▶ **ABOUT THIS EXERCISE**
When you reach the line that holds "Texas Map Flag", start copying exactly and keep going through the final line of the data, leaving out pictures.

--- START ---

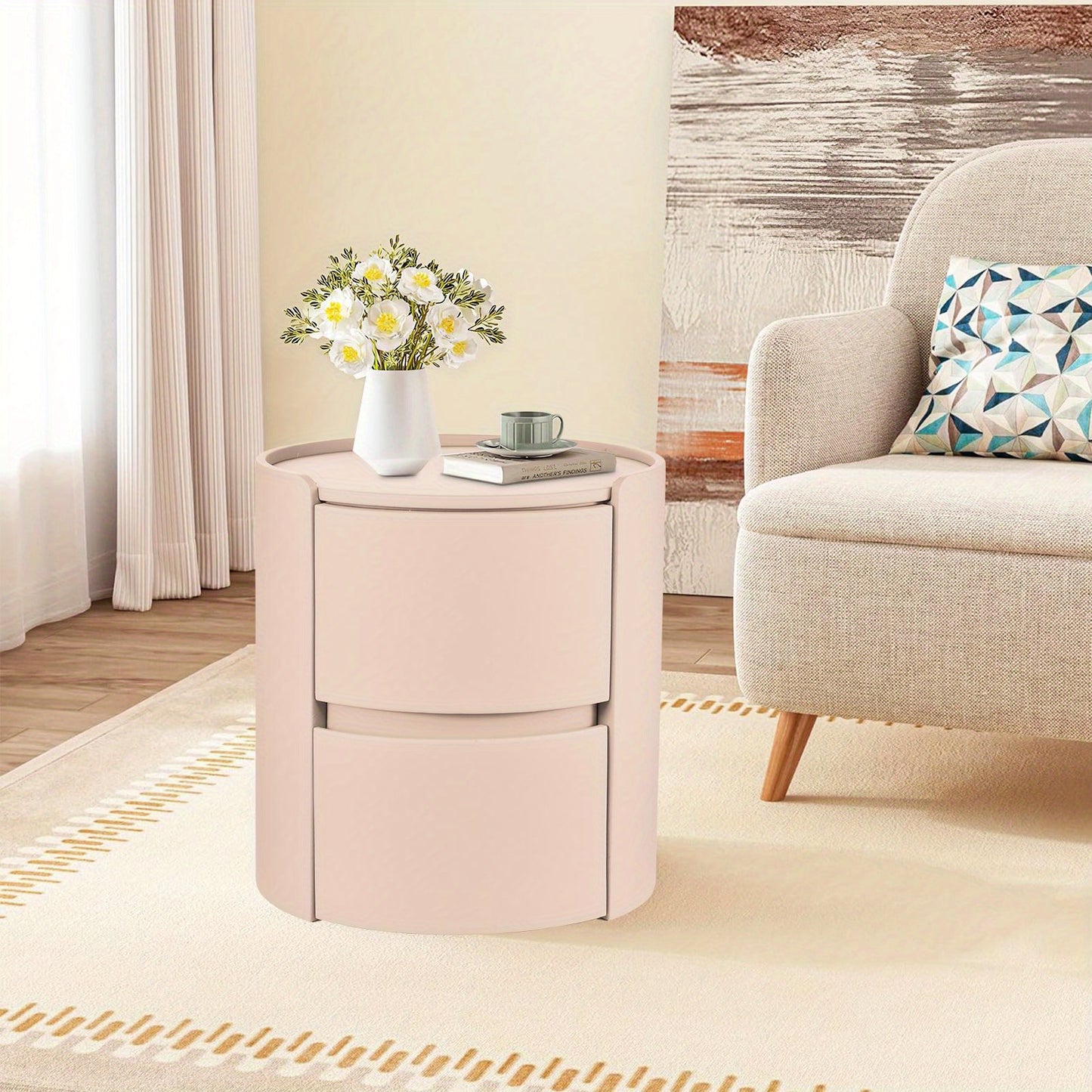 Ronde Nachtkast – Nachtkastje – Bedside Table – Dressoir – Bijzettafel – Oranje Zadelleren Bovenblad – Massief Hout – 2 Laden – Compact 45x45x50 cm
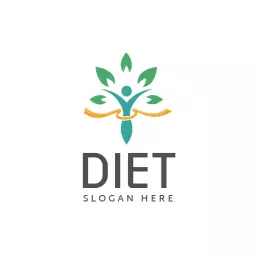 Vibrant Green Plant Symbolizing Healthy Diet Choices Logo Template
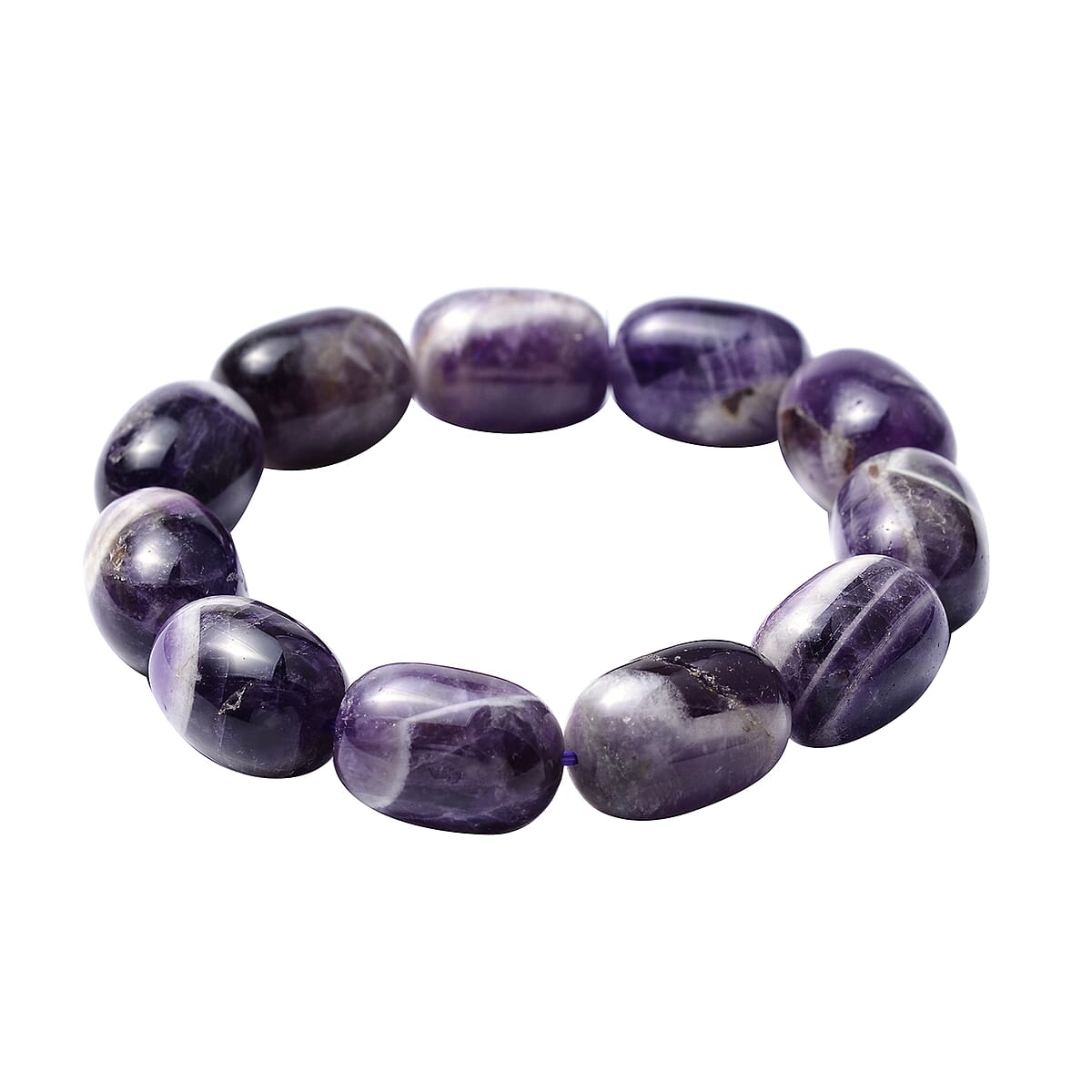 Bi-Color Amethyst Barrel Stretch Bracelet 263.50 ctw image number 0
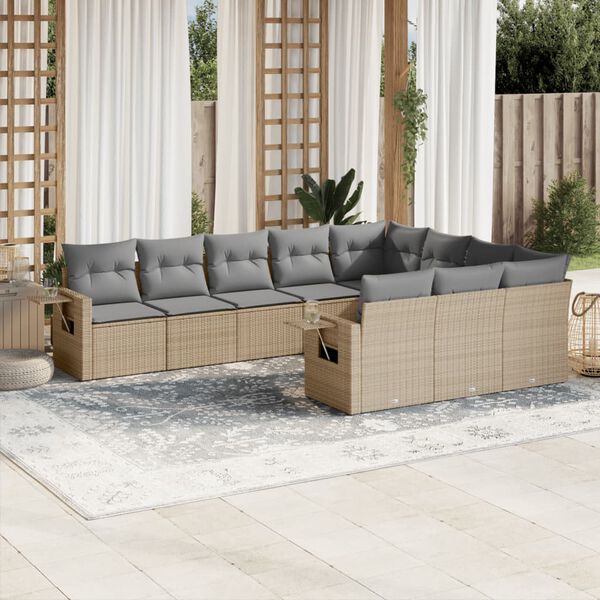 vidaXL Salon de jardin avec coussins 10 pcs beige r&eacute;sine tress&eacute;e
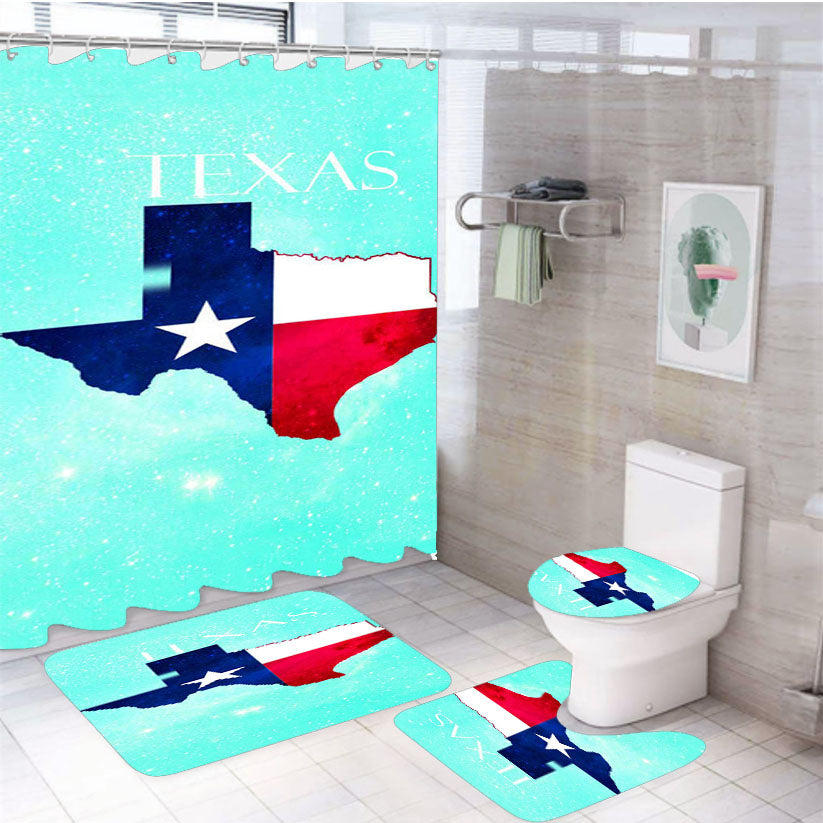 Texas Map Flag 4Pcs Bathroom Set Shower Curtain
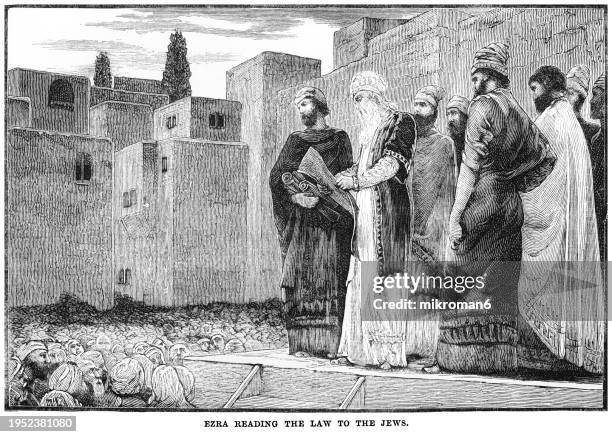 old engraved illustration of ezra reading the law to the jews - prayer book stock pictures, royalty-free photos & images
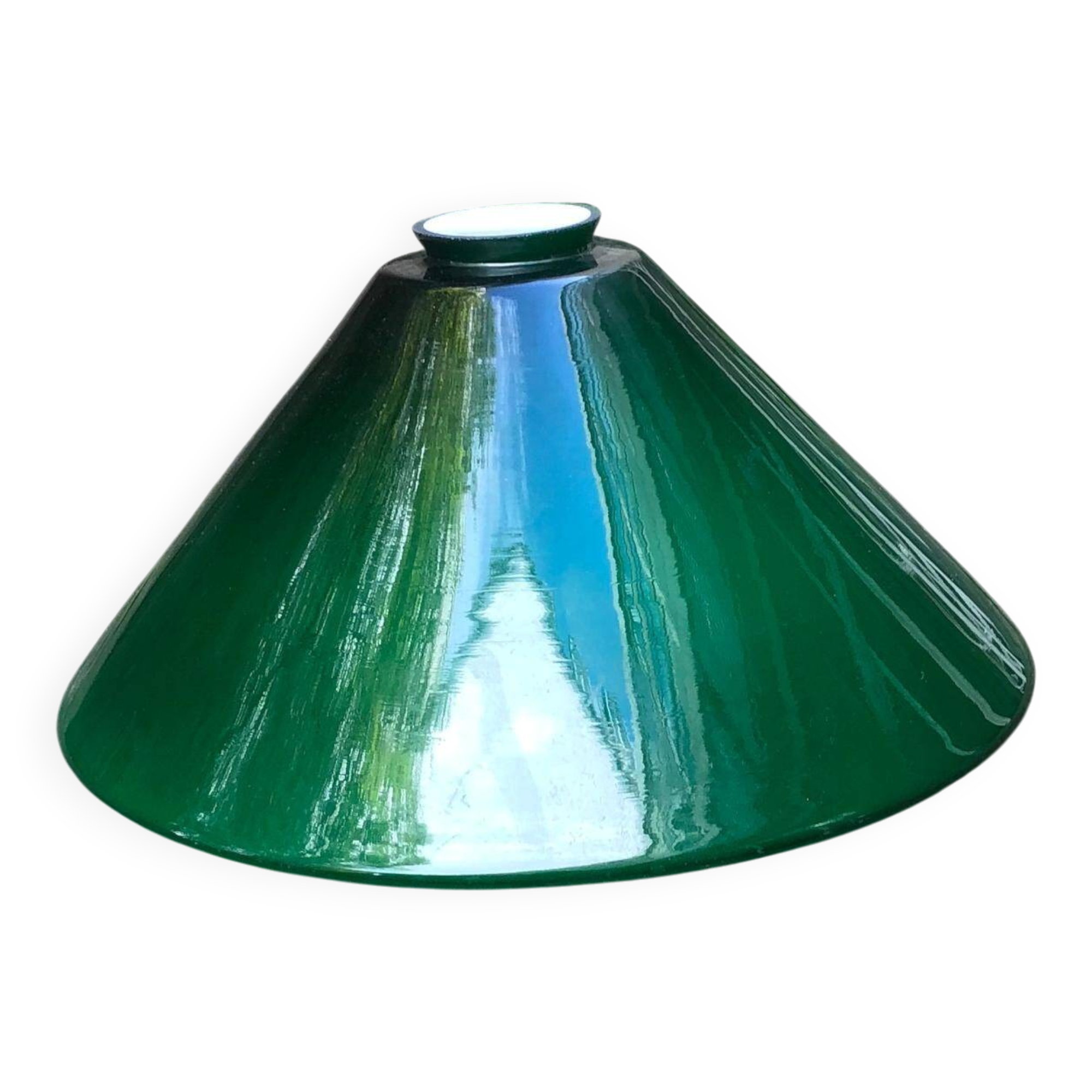 Green glass lampshade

--- END ---

▶ **COMPLETED TASK**
 Texas Map Flag 4Pcs Bathroom Set Shower Curtain
 old engraved illustration of ezra reading the law to the jews - prayer book stock pictures, royalty-free photos & images
 Green glass lampshade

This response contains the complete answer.